Question

Find three consecutive integers whose sum is 366.

Answer 1

Hint: First, we let us suppose the first number is $x$. Then, the condition given in the question says that the numbers are three consecutive integers , so next numbers are $x+1$ and $x+2$.Then, by adding these three integers and equating it with 366, we get the final result.
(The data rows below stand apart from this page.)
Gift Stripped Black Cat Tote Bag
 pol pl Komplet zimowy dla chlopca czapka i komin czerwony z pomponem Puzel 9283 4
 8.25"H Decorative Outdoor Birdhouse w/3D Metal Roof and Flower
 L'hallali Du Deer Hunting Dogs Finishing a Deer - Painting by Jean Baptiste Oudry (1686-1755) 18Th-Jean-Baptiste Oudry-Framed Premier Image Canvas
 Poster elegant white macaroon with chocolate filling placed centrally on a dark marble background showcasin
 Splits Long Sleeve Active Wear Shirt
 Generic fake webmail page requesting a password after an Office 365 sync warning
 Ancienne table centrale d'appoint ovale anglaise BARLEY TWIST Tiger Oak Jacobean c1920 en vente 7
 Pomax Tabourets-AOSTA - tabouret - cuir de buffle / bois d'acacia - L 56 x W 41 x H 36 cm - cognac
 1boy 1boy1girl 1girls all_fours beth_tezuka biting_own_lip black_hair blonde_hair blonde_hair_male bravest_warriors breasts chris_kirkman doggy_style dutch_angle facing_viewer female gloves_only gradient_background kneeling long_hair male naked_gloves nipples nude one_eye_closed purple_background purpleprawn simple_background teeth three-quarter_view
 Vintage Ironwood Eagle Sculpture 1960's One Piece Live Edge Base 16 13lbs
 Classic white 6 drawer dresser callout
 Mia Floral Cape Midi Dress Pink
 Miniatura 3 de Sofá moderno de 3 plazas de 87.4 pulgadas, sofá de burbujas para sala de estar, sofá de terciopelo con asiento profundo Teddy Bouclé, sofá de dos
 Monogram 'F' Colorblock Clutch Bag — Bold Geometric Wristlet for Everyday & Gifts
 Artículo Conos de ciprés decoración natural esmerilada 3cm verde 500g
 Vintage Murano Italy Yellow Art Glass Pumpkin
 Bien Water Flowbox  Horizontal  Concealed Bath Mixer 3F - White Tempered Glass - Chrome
Complete step-by-step answer:
In this question, we are supposed to find three consecutive integers whose sum is 366.
So, before proceeding for this , let us suppose the first number is $x$.
So, the condition given in the question says that the numbers are three consecutive integers.
So, by using the above condition, the next two integers of $x$ are $x+1$ and $x+2$.
Now, the question says that the addition of these three integers gives the sum of 366.
Then, by adding these three integers and equating it with 366 as:
$x+x+1+x+2=366$
Now, by using the above expression to find the value of $x$ as:
$\begin{align}
  & 3x+3=366 \\
 & \Rightarrow 3x=366-3 \\
 & \Rightarrow 3x=363 \\
 & \Rightarrow x=\dfrac{363}{3} \\
 & \Rightarrow x=121 \\
\end{align}$
So, it gives the value of the first number which we have supposed as $x$ is 121.
Now, the other two numbers are as follows:
$x+1=122$
$x+2=123$
So, the three consecutive numbers whose sum is 366 are 121, 122 and 123.
Before concluding it, we must cross verify by adding 121, 122 and 123 whether it gives the same result as desired or not.
So, addition of 121, 122 and 123 is:
$121+122+123=366$
Hence, the three consecutive numbers which sums to 366 are 121, 122 and 123.

Note: In these types of questions we must be careful with the conditions given in the questions as sometimes it is mentioned that the three even consecutive numbers sums 366 which leads to assumption that first number $x$. But the next numbers are $x+2$ and $x+4$ instead of $x+1$ and $x+2$. So, be careful while working with these types of conditions.